Data shown:
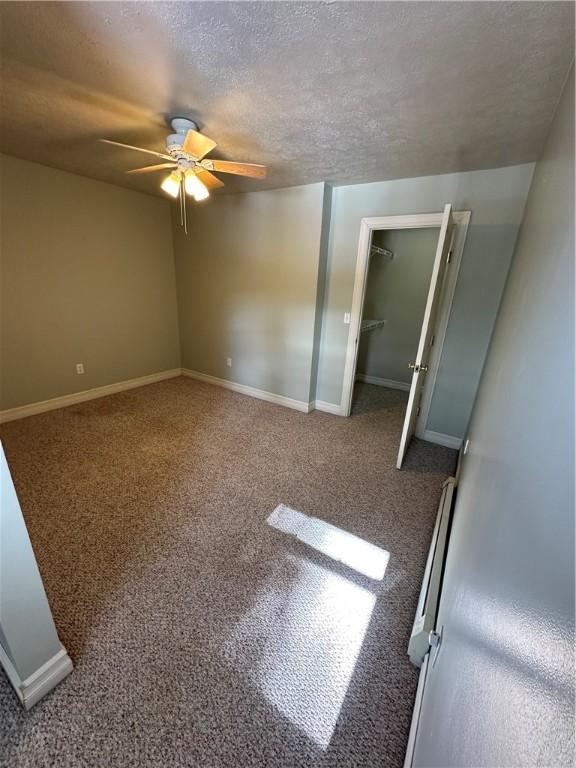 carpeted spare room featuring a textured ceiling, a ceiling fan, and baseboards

---

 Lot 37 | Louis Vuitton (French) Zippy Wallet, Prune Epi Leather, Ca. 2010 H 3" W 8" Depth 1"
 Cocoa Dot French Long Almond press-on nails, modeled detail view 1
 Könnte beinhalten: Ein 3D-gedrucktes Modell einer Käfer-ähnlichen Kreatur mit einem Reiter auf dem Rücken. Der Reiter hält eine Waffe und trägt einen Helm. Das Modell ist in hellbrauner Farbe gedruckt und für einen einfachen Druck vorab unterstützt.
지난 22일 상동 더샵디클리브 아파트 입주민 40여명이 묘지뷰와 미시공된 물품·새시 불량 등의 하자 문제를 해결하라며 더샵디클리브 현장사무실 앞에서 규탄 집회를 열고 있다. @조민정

==

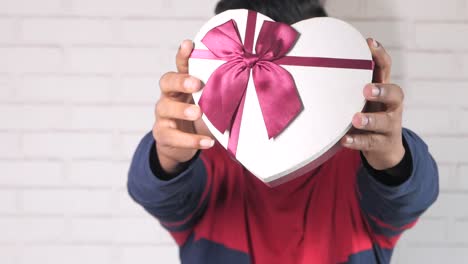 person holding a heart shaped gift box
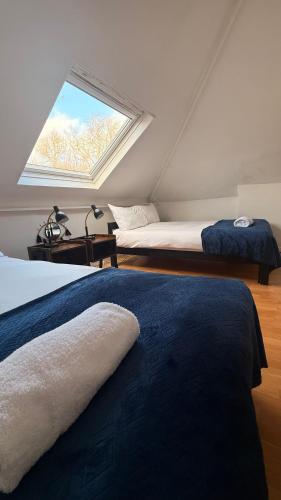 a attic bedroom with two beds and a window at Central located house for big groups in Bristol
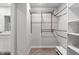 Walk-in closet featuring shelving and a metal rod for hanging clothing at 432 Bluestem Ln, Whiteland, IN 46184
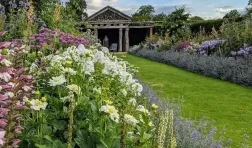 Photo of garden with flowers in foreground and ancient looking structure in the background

To do:
Show the lines of the records that include the string "French".

Problem solution:
 Lot 37 | Louis Vuitton (French) Zippy Wallet, Prune Epi Leather, Ca. 2010 H 3" W 8" Depth 1"
 Cocoa Dot French Long Almond press-on nails, modeled detail view 1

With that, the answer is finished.